Exactly. This thread makes me violently angry. how many of you have been bullied becuase of your sexuality? Show of hands? Yeah, it's fucking brutal, I've been through all of it, it cuts you like you wouldn't know. So maybe, I dunno, step off a little bit. This poor kid was bullied to the point of suicide, to the point where he felt so goddamn alone that he took his own life, something I can relate to. This isn't "Ha Ha boys will be boys" Shit here, this is a hate crime, and should be treated as such.


----------



## tacotiklah (Sep 27, 2011)

Blind Theory said:


> *I've been bullied for my size because I am skinny.*
> *I've been bullied for my religious beliefs because Christianity isn't cool apparently.*
> *I've been bullied through verbal harassment that sometimes gets extremely personal.*
> *I've been bullied physically.*
> ...


 

I've been bullied for all of those things as well as:
- Being too fat. (was skinny as a kid, then just exploded sideways)
- Being bisexual (bisexuals get shit from both the gay and straight communities.

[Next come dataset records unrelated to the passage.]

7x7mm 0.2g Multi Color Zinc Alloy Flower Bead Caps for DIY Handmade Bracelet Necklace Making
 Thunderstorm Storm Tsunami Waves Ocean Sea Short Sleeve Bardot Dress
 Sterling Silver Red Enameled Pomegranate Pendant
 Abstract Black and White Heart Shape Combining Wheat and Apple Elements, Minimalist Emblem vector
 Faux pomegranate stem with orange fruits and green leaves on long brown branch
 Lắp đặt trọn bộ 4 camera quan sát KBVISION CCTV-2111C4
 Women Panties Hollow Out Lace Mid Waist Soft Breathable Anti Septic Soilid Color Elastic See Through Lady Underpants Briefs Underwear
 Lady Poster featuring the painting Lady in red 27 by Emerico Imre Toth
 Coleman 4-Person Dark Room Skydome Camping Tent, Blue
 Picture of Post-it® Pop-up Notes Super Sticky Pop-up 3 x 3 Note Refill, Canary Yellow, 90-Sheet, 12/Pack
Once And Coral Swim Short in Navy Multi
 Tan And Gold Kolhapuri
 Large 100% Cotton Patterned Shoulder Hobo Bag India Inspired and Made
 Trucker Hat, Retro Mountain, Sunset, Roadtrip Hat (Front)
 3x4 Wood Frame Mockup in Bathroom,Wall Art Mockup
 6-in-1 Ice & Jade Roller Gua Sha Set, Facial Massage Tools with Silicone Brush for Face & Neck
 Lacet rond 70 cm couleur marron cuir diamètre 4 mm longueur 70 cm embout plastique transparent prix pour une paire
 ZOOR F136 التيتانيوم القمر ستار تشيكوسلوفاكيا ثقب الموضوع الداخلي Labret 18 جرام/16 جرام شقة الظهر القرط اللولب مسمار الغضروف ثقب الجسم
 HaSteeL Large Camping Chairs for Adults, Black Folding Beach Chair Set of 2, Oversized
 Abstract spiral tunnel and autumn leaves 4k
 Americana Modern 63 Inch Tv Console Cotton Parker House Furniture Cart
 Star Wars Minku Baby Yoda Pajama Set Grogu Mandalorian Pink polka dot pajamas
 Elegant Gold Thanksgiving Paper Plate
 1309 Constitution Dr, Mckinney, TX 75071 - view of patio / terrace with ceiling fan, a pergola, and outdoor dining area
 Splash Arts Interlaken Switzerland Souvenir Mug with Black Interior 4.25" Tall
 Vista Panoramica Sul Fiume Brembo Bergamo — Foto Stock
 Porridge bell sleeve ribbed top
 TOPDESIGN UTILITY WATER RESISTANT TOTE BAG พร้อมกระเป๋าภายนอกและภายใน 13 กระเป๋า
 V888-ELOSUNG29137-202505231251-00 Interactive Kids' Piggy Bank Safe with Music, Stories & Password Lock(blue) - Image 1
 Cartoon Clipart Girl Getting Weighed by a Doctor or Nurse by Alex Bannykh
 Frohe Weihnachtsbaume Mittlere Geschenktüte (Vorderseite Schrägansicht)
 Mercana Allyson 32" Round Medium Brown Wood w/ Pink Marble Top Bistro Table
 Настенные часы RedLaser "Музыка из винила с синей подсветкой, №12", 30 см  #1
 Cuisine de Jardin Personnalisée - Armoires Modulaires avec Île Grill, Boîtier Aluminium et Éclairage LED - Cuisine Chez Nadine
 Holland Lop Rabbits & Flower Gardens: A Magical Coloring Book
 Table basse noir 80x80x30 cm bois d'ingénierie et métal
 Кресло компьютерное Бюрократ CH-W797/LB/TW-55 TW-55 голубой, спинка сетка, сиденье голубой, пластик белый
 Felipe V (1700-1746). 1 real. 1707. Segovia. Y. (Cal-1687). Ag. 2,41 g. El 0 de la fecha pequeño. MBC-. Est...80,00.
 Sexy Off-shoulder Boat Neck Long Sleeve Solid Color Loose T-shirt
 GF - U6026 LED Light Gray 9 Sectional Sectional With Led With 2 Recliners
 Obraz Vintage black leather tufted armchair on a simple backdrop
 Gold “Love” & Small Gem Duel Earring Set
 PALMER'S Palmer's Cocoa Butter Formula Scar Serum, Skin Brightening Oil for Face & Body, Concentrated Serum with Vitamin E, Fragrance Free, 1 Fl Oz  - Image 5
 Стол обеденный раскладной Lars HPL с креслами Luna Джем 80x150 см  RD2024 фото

We get bullied by straight people for obvious reasons, and we get it from the gay community because we are all supposedly whores and that we're "secretly gay and want to use the term bisexual because it's 'safer'" and that we just need to "pick a side")
- Being Half Deaf (who get shit from both the hearing and deaf communities)
- Coming from a very poor and broken home


Do I think we need to legislate bullying? Yes to some degree. But I feel that we don't necessarily need a whole new law. We just need to rework the harassment laws that we currently have on the books. Also, I feel that we should rework laws to be more lenient in terms of criminal actions against those individuals that can completely prove they were forced into using force to defend themselves from bullying. Much like how no charges are filed if self-defense can be proven. Obviously there's many grey areas there that need to be worked out, but that's why I said that we need to rework them. Hell, the grey areas that are currently in place allow people to bully and harrass the hell out of you, the police can't do a damn thing about it, and any personal attempt to defend yourself can land YOU in jail, instead of the person bullying.


----------



## tacotiklah (Sep 27, 2011)

Guitarman700 said:


> Exactly. This thread makes me violently angry. how many of you have been bullied becuase of your sexuality? Show of hands? Yeah, it's fucking brutal, I've been through all of it, it cuts you like you wouldn't know. So maybe, I dunno, step off a little bit. This poor kid was bullied to the point of suicide, to the point where he felt so goddamn alone that he took his own life, something I can relate to. This isn't "Ha Ha boys will be boys" Shit here, this is a hate crime, and should be treated as such.


 
My hand is raised. That's for goddamn sure. Why the hell do you think my previous band (re: see sig) fell apart?


----------



## Guitarman700 (Sep 27, 2011)

ghstofperdition said:


> My hand is raised. That's for goddamn sure. Why the hell do you think my previous band (re: see sig) fell apart?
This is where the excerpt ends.